Vice Chairperson of the Central Committee of the China Democratic National Construction Association
- Incumbent
- Assumed office December 2022

Chairperson of the Jiangsu Provincial Committee of the China Democratic National Construction Association
- Incumbent
- Assumed office July 2012

Personal details
- Born: December 1962 (age 63) Nan'an, Fujian, China
- Party: China Democratic National Construction Association
- Alma mater: Xiamen University Nanjing University of Science and Technology
- Occupation: Politician, academic

= Hong Huimin =

Hong Huimin (洪慧民; born December 1962) is a Chinese politician, academic, and member of the China Democratic National Construction Association (CDNCA). He is currently a vice chairperson of the Jiangsu Provincial Committee of the Chinese People's Political Consultative Conference (CPPCC), vice chairperson of the Central Committee of the CDNCA, and chairperson of the Jiangsu Provincial Committee of the CDNCA. He has also served as a member of the Standing Committee of the 14th National Committee of the Chinese People's Political Consultative Conference.

== Biography ==

Hong was born in Nan'an, Fujian, in December 1962. He studied physics at Xiamen University from 1978 to 1982 and received a Bachelor of Science degree. He subsequently pursued graduate studies in projectile engineering at the former East China Institute of Technology (now Nanjing University of Science and Technology) and obtained a Master of Engineering degree in 1985.
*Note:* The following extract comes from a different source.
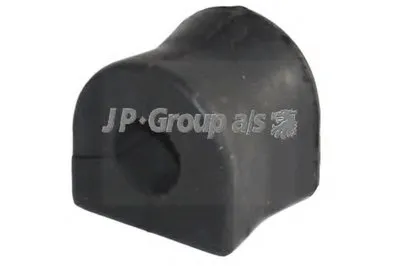 Опора, стабилизатор QH JP GROUP купить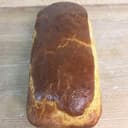 brioche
Following graduation, Hong joined the faculty of the East China Institute of Technology, where he served successively as an assistant lecturer, lecturer, and associate professor in the Department of Management Engineering. In July 1996, he was appointed deputy dean of the School of Economics and Management at Nanjing University of Science and Technology. He was promoted to professor in 1998 and later became director of the university's Academic Affairs Office in 2000.
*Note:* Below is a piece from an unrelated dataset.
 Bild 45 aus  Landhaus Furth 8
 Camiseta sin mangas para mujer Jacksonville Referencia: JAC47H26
In July 2000, Hong entered public service as a deputy director of the Jiangsu Provincial Supervision Department, a position he held until 2018. During his tenure, he became increasingly involved in the work of the China Democratic National Construction Association. In July 2012, he was elected chairperson of the Jiangsu Provincial Committee of the party. In January 2013, he was elected vice chairperson of the Jiangsu Provincial Committee of the Chinese People's Political Consultative Conference.

In December 2022, Hong was elected vice chairperson of the Central Committee of the China Democratic National Construction Association. He was re-elected as a vice chairperson of the Jiangsu Provincial CPPCC in January 2023. He currently serves as a member of the Standing Committee of the 14th National Committee of the Chinese People's Political Consultative Conference and director of the Jiangsu Society of Vocational Education.